++++ DATA TO EXAMINE
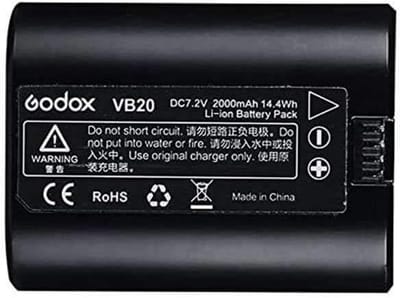 Oplaadbare Lithium-Ion Accu voor Flitsers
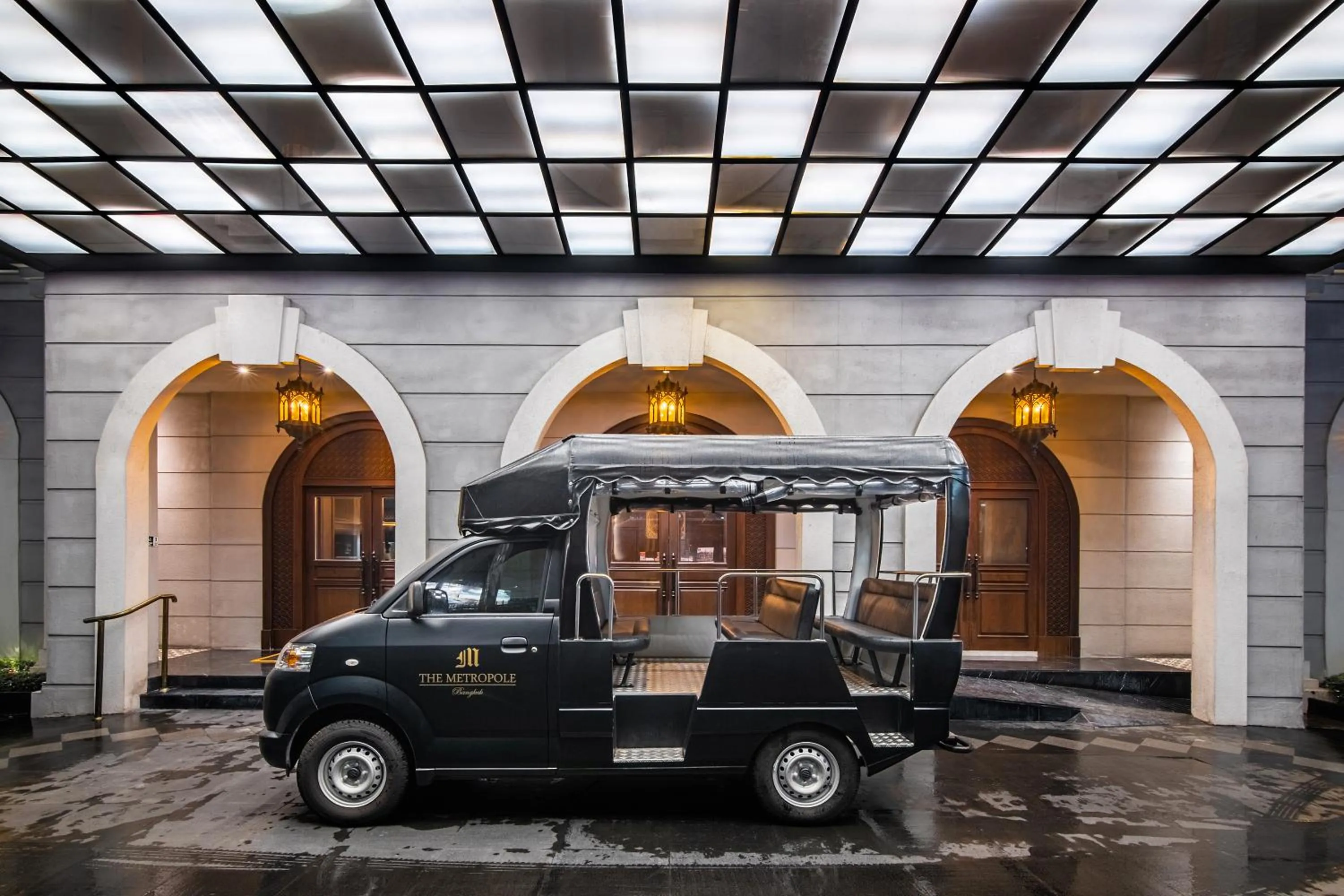 Property building in Metropole, Bangkok, a Tribute Portfolio Hotel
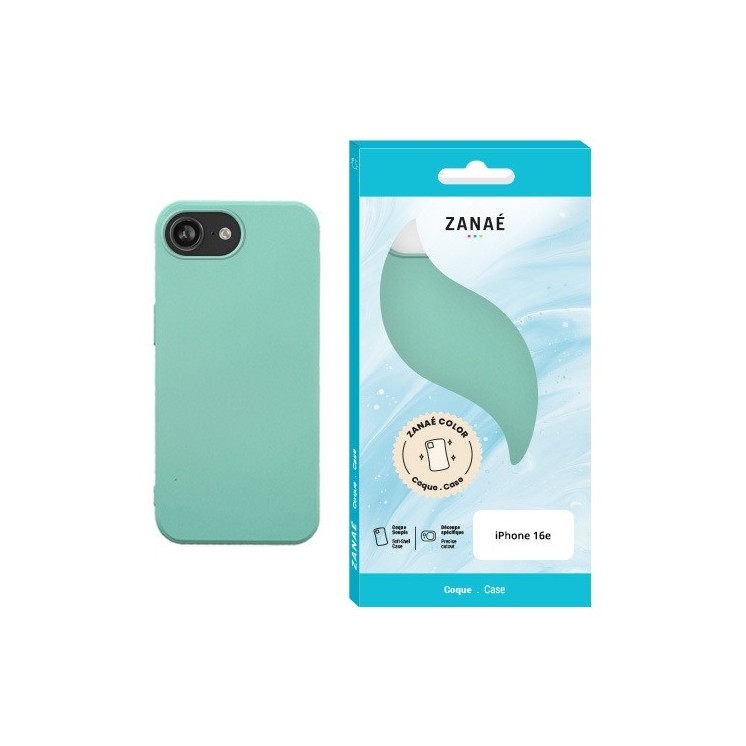 Coque Color Iphone 16e menthe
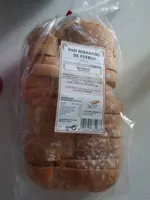 Pan rebanado de pueblo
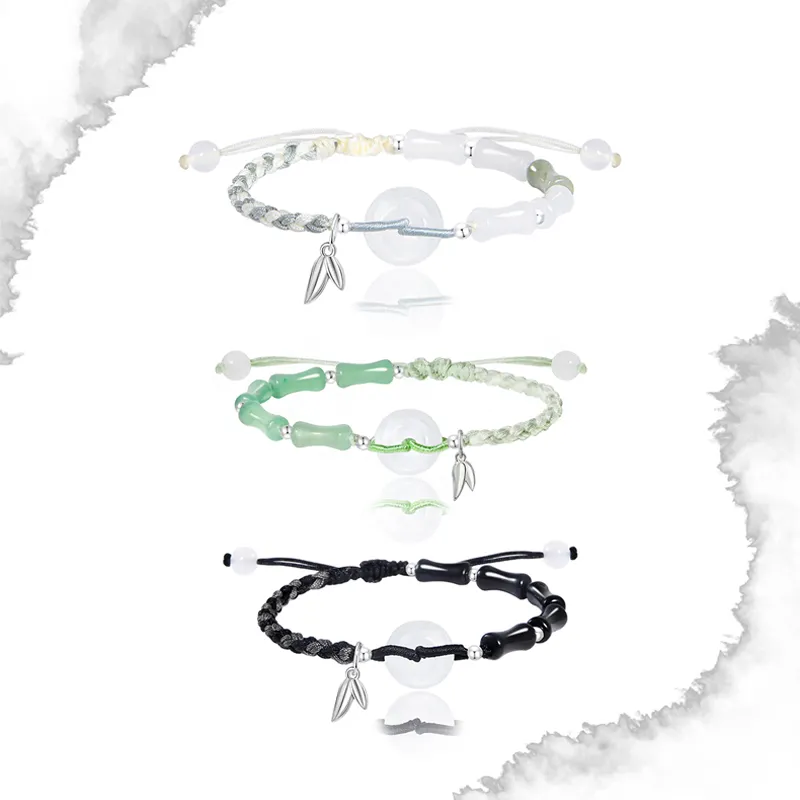 MAGICPOLE Agate Bracelets Unisex-1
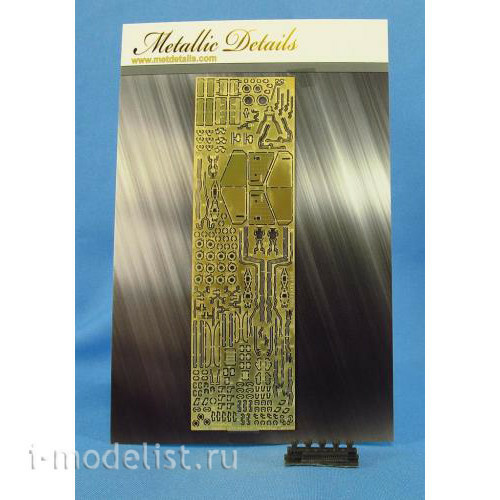 MD14439 Metallic Details 1/144 Фототравление для Il-86. Экстерьер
++++++++
§ **EXERCISE REQUIREMENTS**
Please copy exactly the lines from the one containing "Pan rebanado de pueblo" through the end of the records above, leaving out every picture.

§ **WRITTEN ANSWER**
 Pan rebanado de pueblo
 MAGICPOLE Agate Bracelets Unisex-1
 MD14439 Metallic Details 1/144 Фототравление для Il-86. Экстерьер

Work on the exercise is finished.